On 01/22/2011 02:16 AM, Andrei Alexandrescu wrote:
On 1/21/11 4:49 PM, Jonathan M Davis wrote:
On Friday, January 21, 2011 13:30:11 Ali Çehreli wrote:
Andrei Alexandrescu wrote:
> iswhite

I like separating is with an underscore, like most coding styles do:

is_whitespace

Warm and fuzzy... :)

Most? I've never dealt with a coding style that had underscores. It's
generally
camelcase, though I get the impression that using underscores in C
code is more
common (I've mostly used C++ and Java). Regardless however, Phobos'
coding style
uses camelcase, not underscores. And this whole thread was started to
try and
find better names for functions which need new names, because they don't
currently follow Phobos' naming conventions.

Ever since I worked with STL, I fell in love with
names_with_underscores. I can't explain it, but my feeling is that code
using that convention is calm and levelheaded. Camel case forces me to
think of one-word names because at the second word some beauty is
already lost; never felt the same with the underscores.
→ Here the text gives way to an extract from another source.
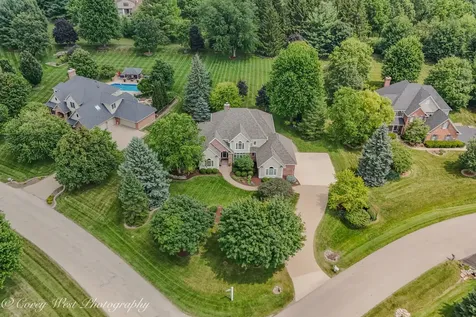 4N843 West Woods Drive St. Charles IL 60175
If I could go
back in time I'd propose that convention throughout.

Andrei


My problem with underscore-delimited identifiers is that they can get really hard on eyes:

int my_temp_var = some_object_instance.some_field.some_other_field;

The dots are completely lost. Also, when identifiers are getting long (and in large libraries they tend to) the underscores become to look pretty annoying. I have worked with many conventions and camelCase remains my favorite for now.